2. “The testimony of a party who offers himself as a witness in his own behalf is to be construed most strongly against him, when it is self-contradictory, vague, or equivocal.” Shepard v. Chappell, 29 Ga. App. 6 (2) (113 S. E. 23). Applying this rule, it appears without dispute from the plaintiff’s own testimony that in his agreement with the defendant he bargained for the land without the timber, did not pay for the timber, and was not to have it. The defendant also testified that it was not his intention to sell the timber. In these circumstances, it conclusively appears that the plaintiff was not in position to seek affirmative equitable relief such as injunction, and the court properly directed a verdict for the defendant as to that issue. Code, § 37-104.

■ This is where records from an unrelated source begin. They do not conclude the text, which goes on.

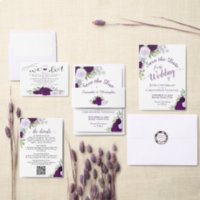  100 Wedding Invitations Purple Violet Lace Design +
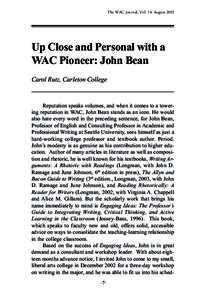 The WAC Journal, Vol. 14: AugustUp Close and Personal with a WAC Pioneer: John Bean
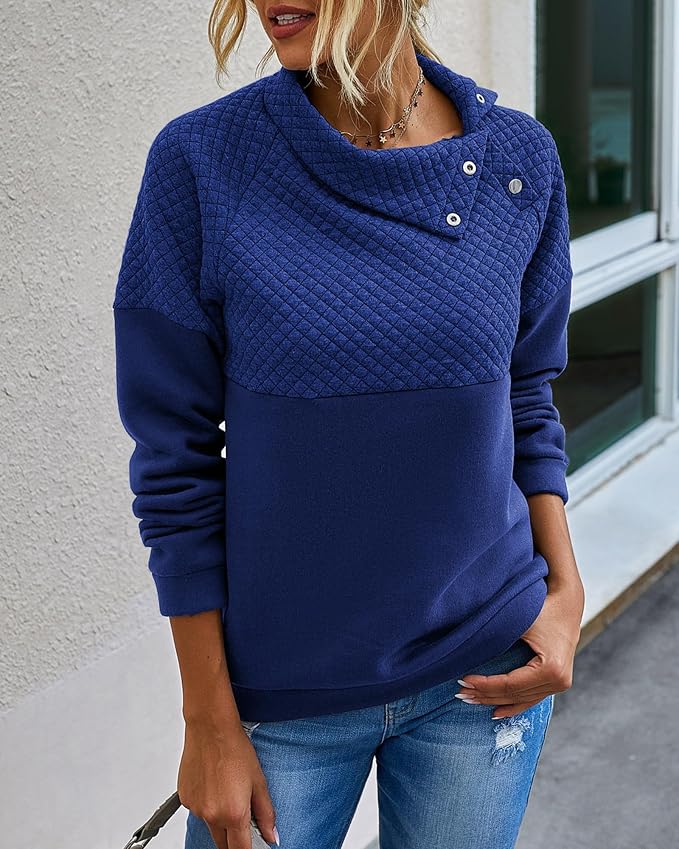 BTFBM Women Fashion Quilted Pattern Lightweight Zipper Long Sleeve Plain Casual Ladies Sweatshirts Pullovers Shirts Tops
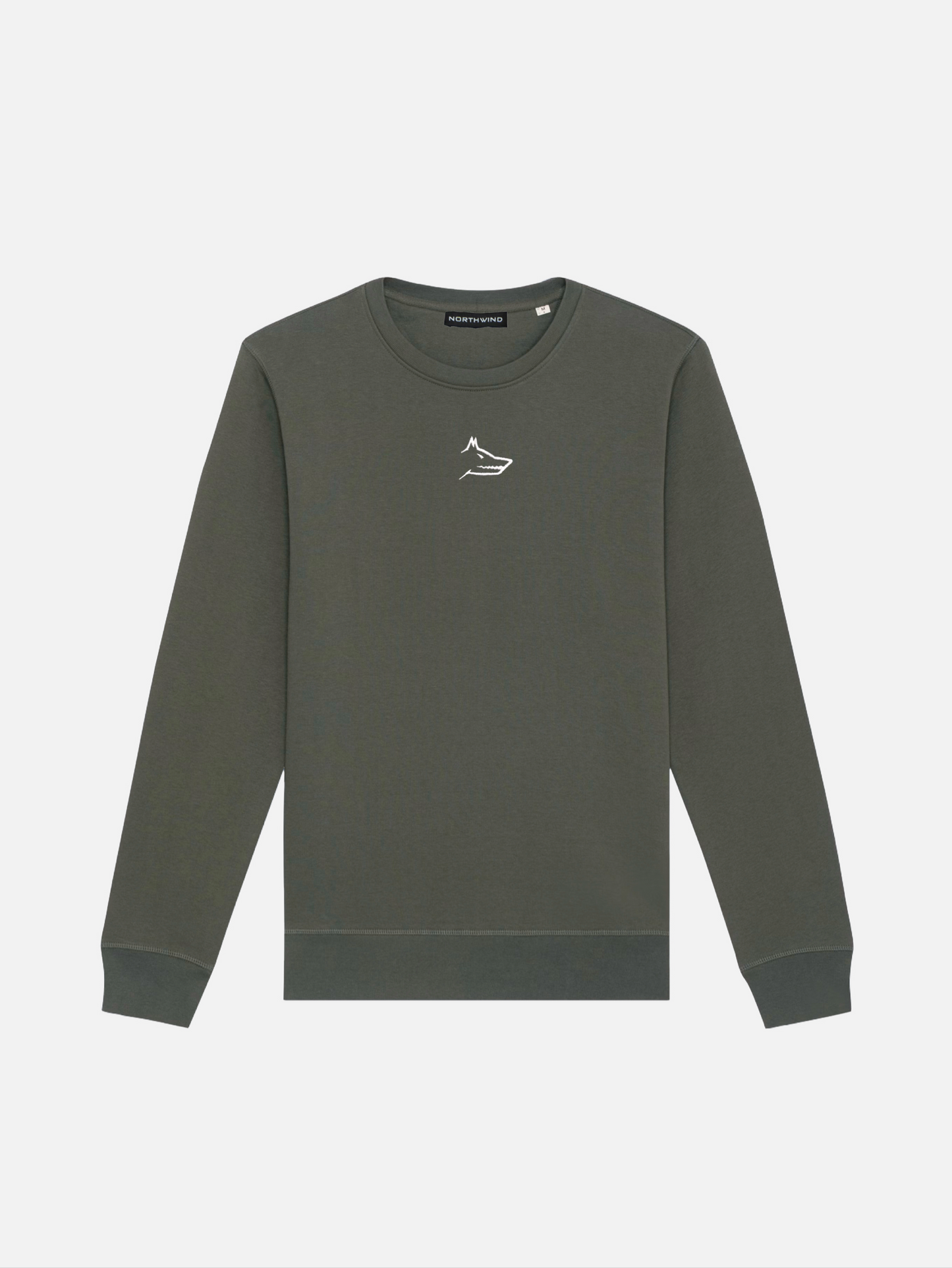 Northwind khaki green sweatshirt with embroidered Northwind Lone Wolf logo on a white background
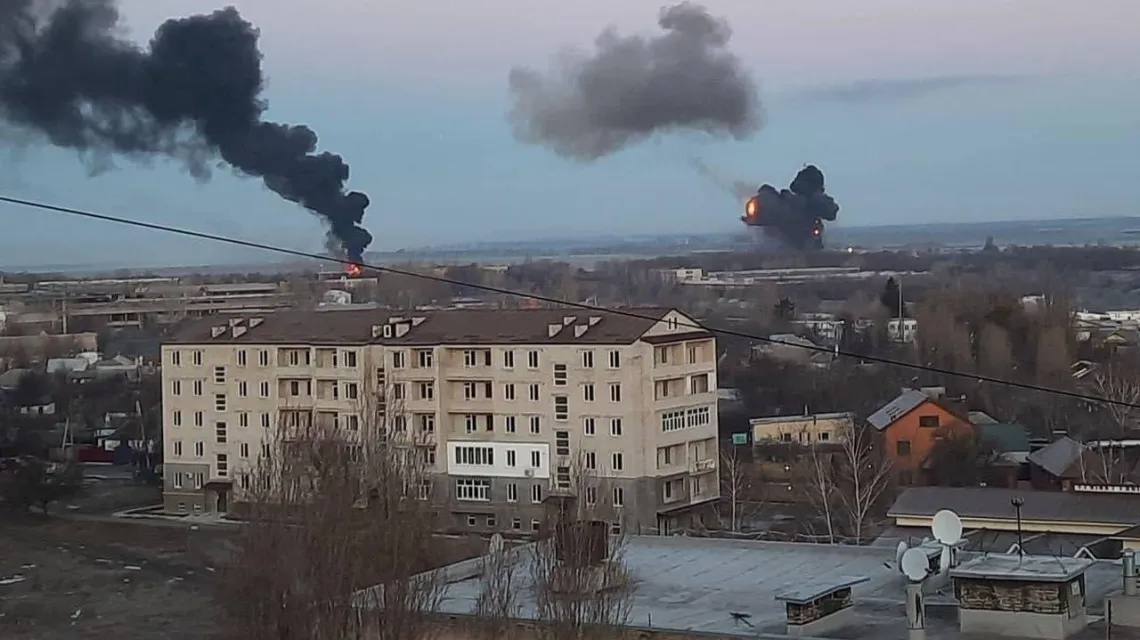 Atak na Ukrainę rankiem, Charków, 24 lutego 2022 r. Fot. Twitter / 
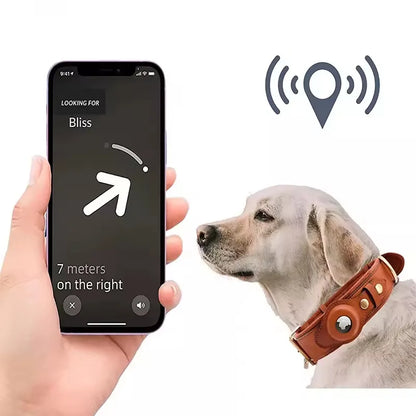 Person using a smartphone to track a dog wearing an Apple Tracker Leather Harness, showcasing its unique design and comfort.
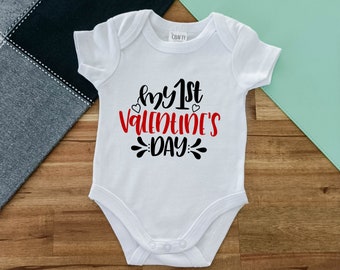 Valentine/'s Day Gift For Baby Romper My First Valentine/'s Day Personalised Name Baby Vest Baby Bodysuit Valentine/'s Day Baby Romper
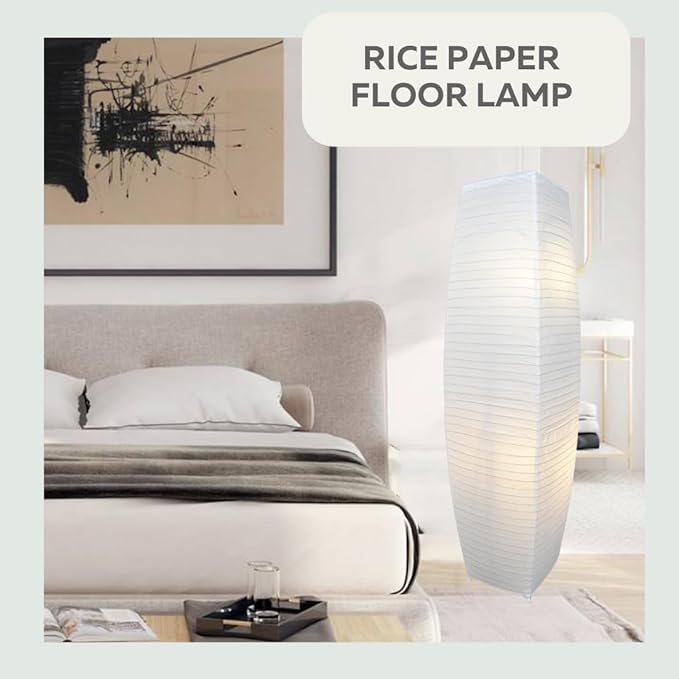 LIGHTACCENTS Japanese Style Rice Paper Floor Lamp - 50 Inches Tall Living Room Paper Lamp with White Paper Shade and Chrome Base, On/Off Foot Switch - Ideal as Paper Floor Lamps for Living Room - LeafyLoom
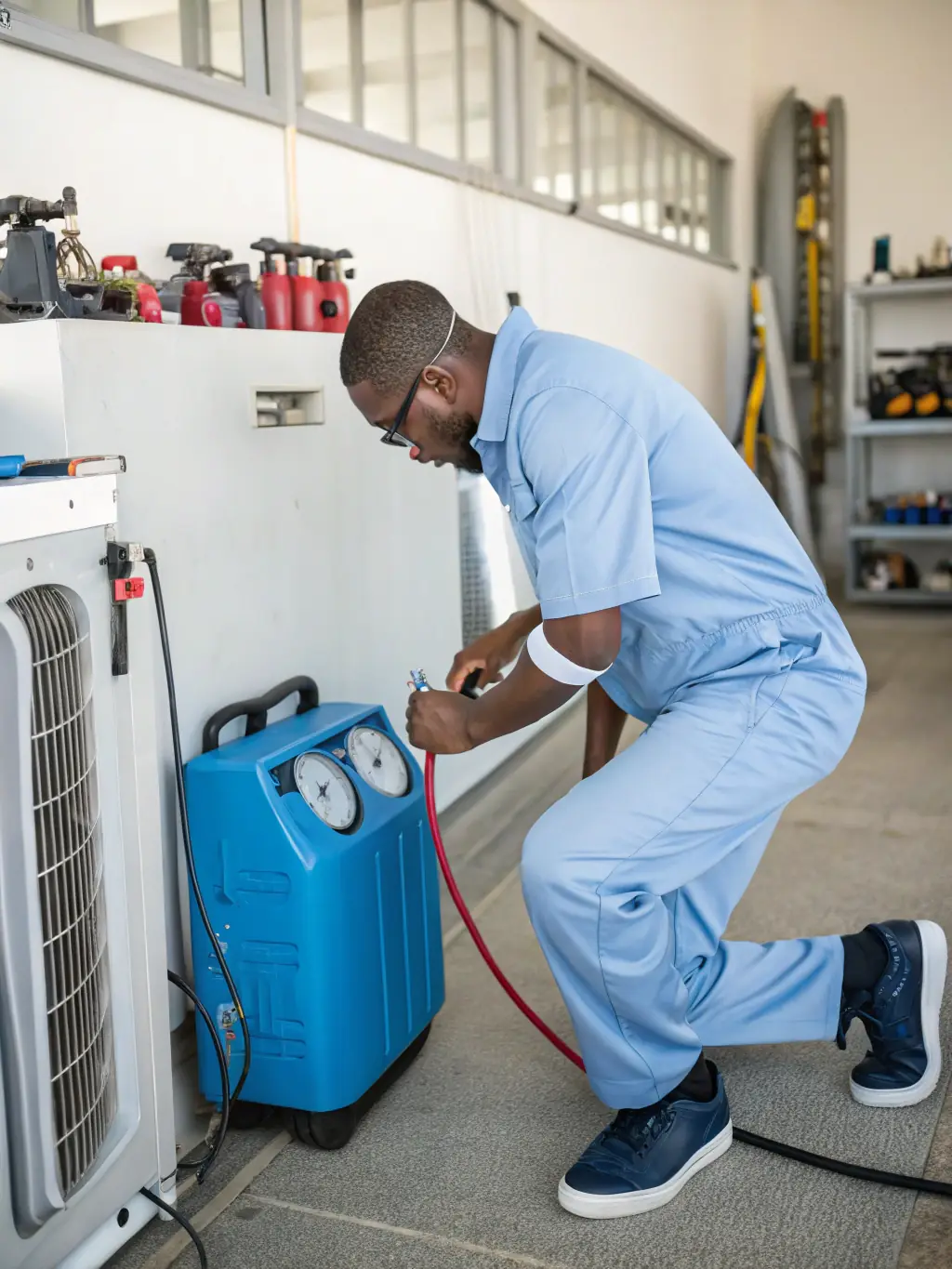 A technician expertly repairing a mini AC split unit, focusing on fixing a leak with precision tools and equipment.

3. Under the pleadings and the evidence, however, and especially the testimony of the defendant himself as to his reason or excuse for not inserting a reservation clause in the deed, the verdict in his favor for the affirmative equitable relief of reformation as sought by him was not demanded, and the court therefore erred in directing the jury to find in his favor for such relief. Code, §§ 37-211, 37-212; Werner v. Rawson, 89 Ga. 619 (2) (15 S. E. 813) ; Green v. Johnson, 153 Ga. 738 (3) (113 S. E. 402) ; J. Kuniansky Inc. v. Ware, 192 Ga. 488, 491 (4) (15 S. E. 2d, 783).

(a) The ruling just made is not contrary to the former decision, since it did not involve any determination as to whether the defendant was as a matter of law entitled to the relief of reformation, regardless of any issue as to negligence on his part.

4. Under the preceding rulings, the judgment overruling the demurrers to the answer as amended, and the direction of the verdict against the plaintiff as to injunction, will be affirmed, while the direction in favor of the defendant as to reformation will be reversed.

Judgment affirmed in part, and reversed in part.

All the Justices concur, except Wyatt, J., who took no part in the consideration or decision of this case. Jesse M. Sellers, for plaintiff. J. Ralph Rosser and James Maddox, for defendant.